Here are the instructions on how to obtain QuartzNet in ONNX* format.
```python
import nemo
import nemo.collections.asr as nemo_asr
quartznet = nemo_asr.models.ASRConvCTCModel.from_pretrained(model_info='QuartzNet15x5-En')
# Export QuartzNet model to ONNX* format
quartznet.export('qn.onnx')
```
This code produces 3 ONNX* model files: `encoder_qt.onnx`, `decoder_qt.onnx`, `qn.onnx`.
They are `decoder`, `encoder` and a combined `decoder(encoder(x))` models, respectively.

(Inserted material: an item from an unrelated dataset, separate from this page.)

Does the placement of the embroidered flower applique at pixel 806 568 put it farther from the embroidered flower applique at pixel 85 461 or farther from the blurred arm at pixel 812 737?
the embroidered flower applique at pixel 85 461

## Convert ONNX* QuartzNet model to IR
If using a combined model:
```sh
./mo.py --input_model <MODEL_DIR>/qt.onnx --input_shape [B,64,X]
```
If using separate models:
```sh
./mo.py --input_model <MODEL_DIR>/encoder_qt.onnx --input_shape [B,64,X]
./mo.py --input_model <MODEL_DIR>/decoder_qt.onnx --input_shape [B,1024,Y]
```
Where shape is determined by the audio file Mel-Spectrogram length: B - batch dimension, X - dimension based on the input length, Y - determined by encoder output, usually `X / 2`.